Problem (8): A car slows down uniformly from $45\,\rm m/s$ to rest in $10\,\rm s$. How far did it travel in this time interval?

Solution: Here, we choose the following kinematics equation to solve this question: $\Delta x=\frac{v_1+v_2}{2}\times \Delta t$, where $v_1$ and $v_2$ are the velocities at the beginning and end of that time interval. \begin{align*} \Delta x&=\frac{v_1+v_2}{2}\times \Delta t \\\\ &=\frac{45+0}{2}\times 10 \\\\ &=\boxed{225\,\rm m}\end{align*} Keep in mind that we use this formula when the object slows down uniformly, or, in other words when the object's acceleration is constant.

Problem (9): A ball is thrown into the air vertically from the ground level with an initial speed of 20 m/s.
(a) How long is the ball in the air?
(b) At what height does the ball reach?

Solution: The throwing point is considered to be the origin of our coordinate system, so $y_0=0$. Given the initial velocity $v_0=+20\,{\rm m/s}$ and the gravitational acceleration $a=g=-9.8\,{\rm m/s^2}$. We need to find the total time the ball is in the air and the maximum height it reaches.

To solve this free-fall problem, it is necessary to know some notes about free-falling objects.

Air Resistance Neglected: The time the ball spends ascending is equal to the time it spends descending.

Highest Point: At the highest point of its path, the velocity of the ball is zero.

(a) By applying the kinematics equation $v=v_0+at$ between the initial point (ground) and the highest point (where $v=0$), we can find the time taken to reach the maximum height. \begin{align*} v&=v_0+at \\0&=20+(-9.8)t\\\Rightarrow t&=2.04\quad {\rm s}\end{align*} The total flight time is twice this time (time to go up and time to come down): \[t_{tot}=2t=2(2.04)=4.1\,{\rm s}\] Hence, the ball takes about 4 seconds to reach the ground.

(b) We use the kinematics equation $v^2-v_0^2=2a(y-y_0)$ to find the maximum height: \begin{align*} v^2-v_0^2&=2a(y-y_0) \\0-20^2&=2(-9.8)(y-0) \\ \Rightarrow y&=\boxed{20.4\quad {\rm m}}\end{align*} Hence, the ball reaches a maximum height of approximately 20.4 meters.

Problem (10): A moving object accelerates uniformly from 75 m/s at time $t=0$ to 135 m/s at $t=10\,{\rm s}$. How far did it move at the time interval $t=2\,{\rm s}$ to $t=4\,{\rm s}$?

Solution: Draw a diagram and implement all known data in it as below.

A moving object accelerates uniformly

Because the problem tells us that the object accelerates uniformly, we can infer that its acceleration is constant throughout its entire path.

Given the initial and final velocities of the moving object, we can determine its acceleration using the definition of instantaneous acceleration as follows: \[a=\frac{v_2-v_1}{t_2-t_1}=\frac{135-75}{10}=6\,{\rm m/s^2}\] To analyze the motion between the requested times (referred to as stage II in the figure), we need some information for that time interval, such as their velocities or the distance between them.

As you can see in the figure, the initial velocity of stage II is the final velocity of stage I. By using a relevant kinematics equation that relates these data to each other, we find that \begin{align*} v&=v_0+at\\\\&=75+(6)(2) \\\\&=87\,{\rm m/s}\end{align*} This velocity will be the initial velocity for stage II of the motion.

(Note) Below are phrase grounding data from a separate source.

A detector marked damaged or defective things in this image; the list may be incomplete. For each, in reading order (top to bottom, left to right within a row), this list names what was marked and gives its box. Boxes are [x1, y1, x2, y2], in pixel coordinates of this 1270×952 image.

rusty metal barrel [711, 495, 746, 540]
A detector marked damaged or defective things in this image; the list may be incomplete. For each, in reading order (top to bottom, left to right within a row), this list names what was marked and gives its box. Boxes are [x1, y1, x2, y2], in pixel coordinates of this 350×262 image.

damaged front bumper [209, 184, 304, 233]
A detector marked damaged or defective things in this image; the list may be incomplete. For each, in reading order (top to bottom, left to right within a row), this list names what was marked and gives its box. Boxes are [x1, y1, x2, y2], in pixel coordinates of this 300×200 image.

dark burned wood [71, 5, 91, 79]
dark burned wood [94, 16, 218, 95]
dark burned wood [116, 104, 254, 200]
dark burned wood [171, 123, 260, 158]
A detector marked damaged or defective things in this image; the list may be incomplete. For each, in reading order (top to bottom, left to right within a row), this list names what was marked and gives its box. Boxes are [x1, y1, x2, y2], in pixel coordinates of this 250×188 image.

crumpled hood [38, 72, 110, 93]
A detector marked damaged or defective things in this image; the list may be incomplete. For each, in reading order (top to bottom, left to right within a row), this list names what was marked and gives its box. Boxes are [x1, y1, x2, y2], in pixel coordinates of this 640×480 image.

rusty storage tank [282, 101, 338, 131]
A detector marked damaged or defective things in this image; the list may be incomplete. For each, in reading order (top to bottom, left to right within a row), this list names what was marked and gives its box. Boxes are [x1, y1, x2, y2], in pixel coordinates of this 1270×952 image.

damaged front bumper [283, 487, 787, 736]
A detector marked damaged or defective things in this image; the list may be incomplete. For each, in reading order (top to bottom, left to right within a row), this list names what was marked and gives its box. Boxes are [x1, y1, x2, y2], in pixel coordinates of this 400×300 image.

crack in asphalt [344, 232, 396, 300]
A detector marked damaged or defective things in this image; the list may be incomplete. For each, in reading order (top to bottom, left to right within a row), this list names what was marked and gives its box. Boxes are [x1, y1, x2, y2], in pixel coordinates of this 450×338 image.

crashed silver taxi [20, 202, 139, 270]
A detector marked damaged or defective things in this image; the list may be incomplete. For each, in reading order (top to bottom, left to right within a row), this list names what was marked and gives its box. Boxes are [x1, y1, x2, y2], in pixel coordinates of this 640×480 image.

Now, all the known information for stage II is as follows: initial velocity $v_0=87\,{\rm m/s}$, acceleration $a=6\,{\rm m/s^2}$, and time interval $\Delta t=2\,{\rm s}$. The unknown is the distance traveled, denoted by $x=?$

The appropriate equation that relates all these variables is $x=\frac 12 at^2+v_0t+x_0$. Substituting the known values, we get \begin{align*}x&=\frac 12 at^2+v_0t+x_0\\\\&=\frac 12 (6)(2)^2+(87)(2)+0\\\\&=\boxed{186\quad {\rm m}} \end{align*} Hence, our moving object travels a distance of 186 m between the instances of 2 s and 4 s.

Problem (11): A fast car starts from rest and accelerates at a uniform rate of $1.5\,{\rm m/s^2}$ for 4 seconds. After a while, the driver applies the brakes for 3 seconds, causing the car to uniformly slow down (decelerate) at a rate of $-2\,{\rm m/s^2}$.
(a) How fast is the car at the end of the braking period?
(b) How far has the car traveled after the braking period?

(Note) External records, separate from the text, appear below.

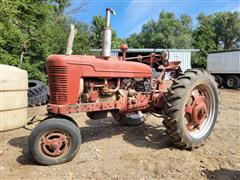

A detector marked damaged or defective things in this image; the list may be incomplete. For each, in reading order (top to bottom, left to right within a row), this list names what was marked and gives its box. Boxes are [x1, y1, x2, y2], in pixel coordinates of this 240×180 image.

rusty metal body [47, 52, 177, 116] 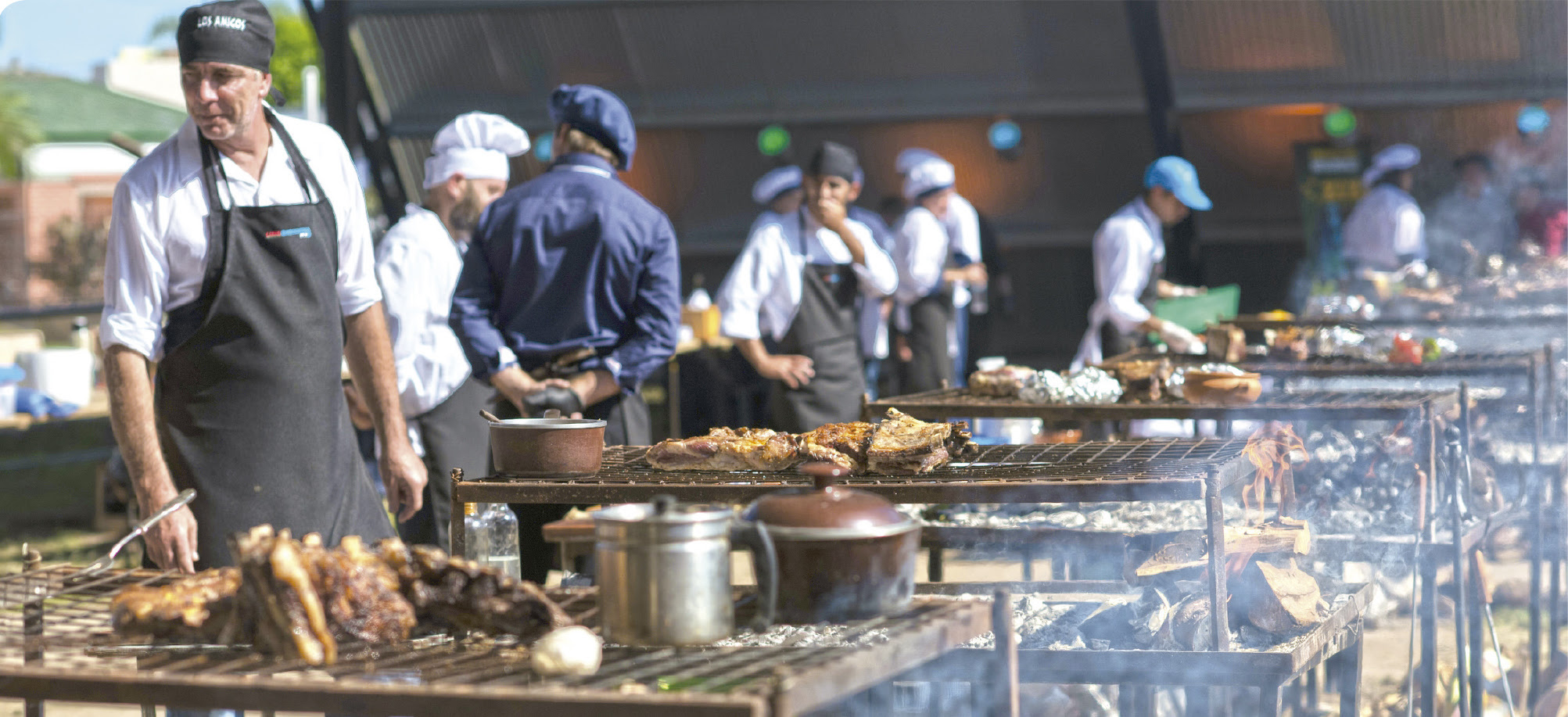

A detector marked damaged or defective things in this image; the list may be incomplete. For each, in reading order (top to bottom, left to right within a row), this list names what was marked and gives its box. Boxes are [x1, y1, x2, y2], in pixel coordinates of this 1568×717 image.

rusty metal pot [743, 464, 921, 621] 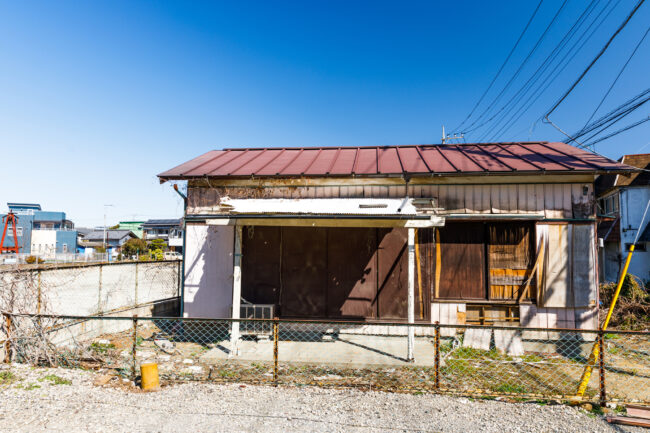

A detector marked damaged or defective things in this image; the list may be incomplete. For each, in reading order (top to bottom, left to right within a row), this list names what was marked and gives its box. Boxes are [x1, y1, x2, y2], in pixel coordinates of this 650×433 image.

rusty metal roof [157, 141, 632, 180] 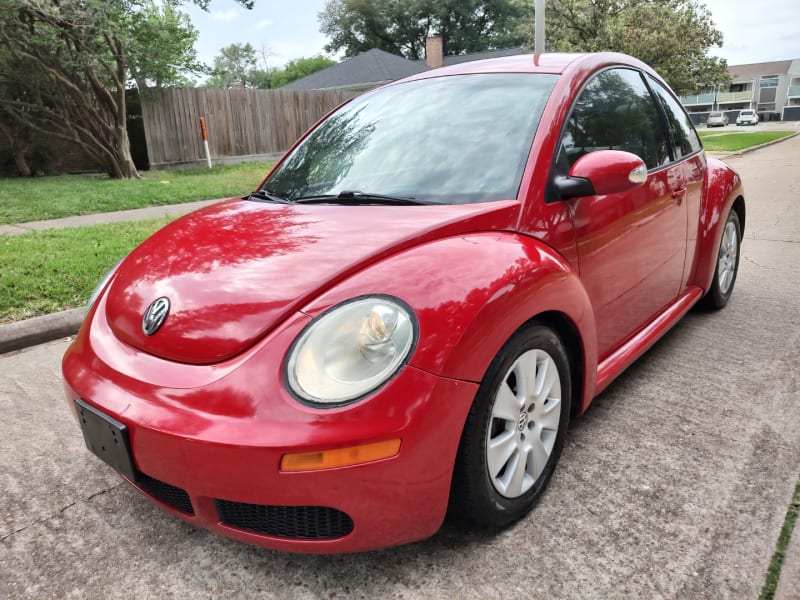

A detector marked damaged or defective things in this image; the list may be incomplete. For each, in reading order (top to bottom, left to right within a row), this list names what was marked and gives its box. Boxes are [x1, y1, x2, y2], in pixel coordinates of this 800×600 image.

pavement crack [0, 480, 123, 548] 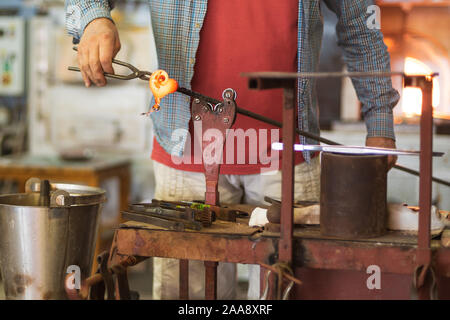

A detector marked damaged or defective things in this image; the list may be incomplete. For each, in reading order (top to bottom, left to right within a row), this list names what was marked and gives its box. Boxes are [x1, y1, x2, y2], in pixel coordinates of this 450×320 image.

rusty metal table frame [106, 72, 446, 300] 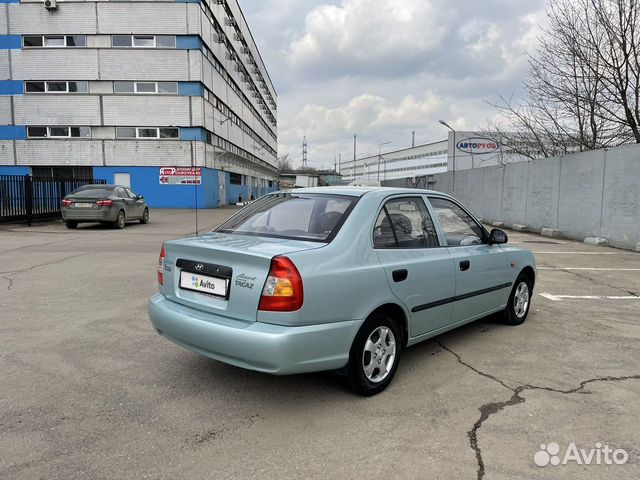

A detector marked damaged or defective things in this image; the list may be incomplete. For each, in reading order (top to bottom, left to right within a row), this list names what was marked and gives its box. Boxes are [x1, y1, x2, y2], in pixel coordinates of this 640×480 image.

cracked asphalt [0, 211, 636, 480] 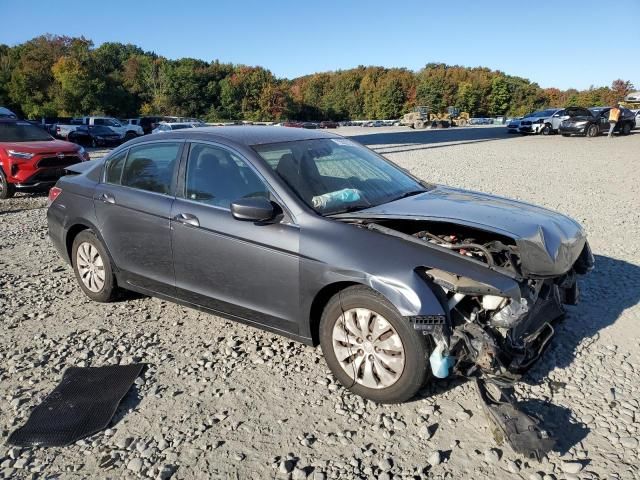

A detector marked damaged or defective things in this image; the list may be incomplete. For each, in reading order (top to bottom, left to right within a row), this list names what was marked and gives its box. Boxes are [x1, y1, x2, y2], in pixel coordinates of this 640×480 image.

damaged gray sedan [47, 127, 592, 458]
damaged front end [362, 219, 592, 460]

Solution: This motion is divided into two parts. First, draw a diagram and specify each section's known kinematics quantities.

A moving car with two acceleration in kinematics problems

(a) In the first part, given the acceleration, initial velocity, and time interval, we can calculate the final velocity at the end of 4 seconds. \begin{align*} v&=v_0+at\\&=0+(1.5)(4) \\&=6\quad {\rm m/s}\end{align*} This velocity is considered as the initial velocity for the second part, where we want to find the final velocity.

In the next part, given the magnitude of acceleration and braking time interval, we can calculate the final velocity as follows: \begin{align*} v&=v_0+at\\&=6+(-2)(3) \\&=0\end{align*} The zero velocity here indicates that the car comes to a stop after the braking period.

(b) The distance traveled in the second part can now be calculated using the kinematics equation $x=\frac 12 at^2+v_0t+x_0$, because the only unknown quantity is distance $x$. \begin{align*} x&=\frac 12 at^2+v_0t+x_0\\\\&=\frac 12 (-2)(3)^2+(6)(3)+0\\\\&=+9\quad {\rm m}\end{align*} Therefore, after braking, the car travels a distance of 9 meters before coming to a stopped.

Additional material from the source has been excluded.